(Beginning of Materials provided)

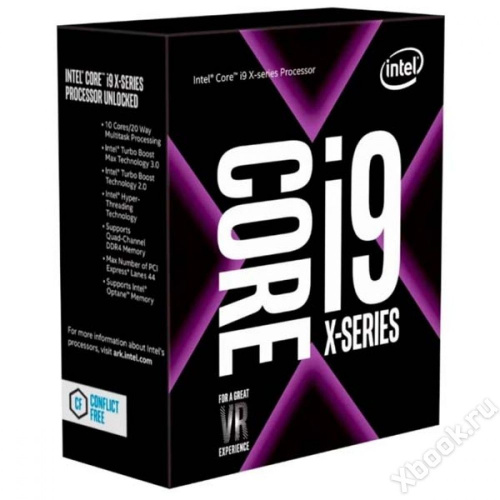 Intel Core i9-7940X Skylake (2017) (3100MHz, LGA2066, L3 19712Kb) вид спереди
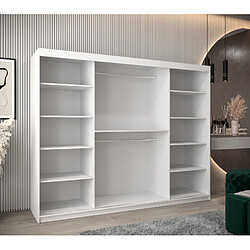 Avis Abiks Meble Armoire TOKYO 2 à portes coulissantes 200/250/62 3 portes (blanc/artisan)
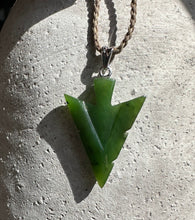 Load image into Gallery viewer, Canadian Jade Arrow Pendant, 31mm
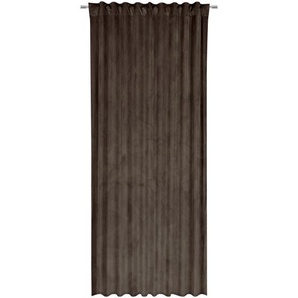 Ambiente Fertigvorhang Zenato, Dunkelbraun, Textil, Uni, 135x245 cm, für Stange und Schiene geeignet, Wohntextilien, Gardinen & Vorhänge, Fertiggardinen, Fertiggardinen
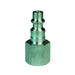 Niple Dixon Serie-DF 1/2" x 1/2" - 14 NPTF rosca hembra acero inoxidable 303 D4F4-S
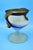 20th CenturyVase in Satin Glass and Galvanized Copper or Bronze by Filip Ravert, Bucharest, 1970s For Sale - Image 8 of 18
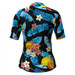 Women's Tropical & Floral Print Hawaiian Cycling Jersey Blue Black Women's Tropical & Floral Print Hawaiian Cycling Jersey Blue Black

(End of Materials provided)

**Exercise brief**. In the records above, find the line containing "20th CenturyVase in", then write out exactly that line and every later one through the last, omitting pictures.

**Answer**.
 20th CenturyVase in Satin Glass and Galvanized Copper or Bronze by Filip Ravert, Bucharest, 1970s For Sale - Image 8 of 18
 Women's Tropical & Floral Print Hawaiian Cycling Jersey Blue Black Women's Tropical & Floral Print Hawaiian Cycling Jersey Blue Black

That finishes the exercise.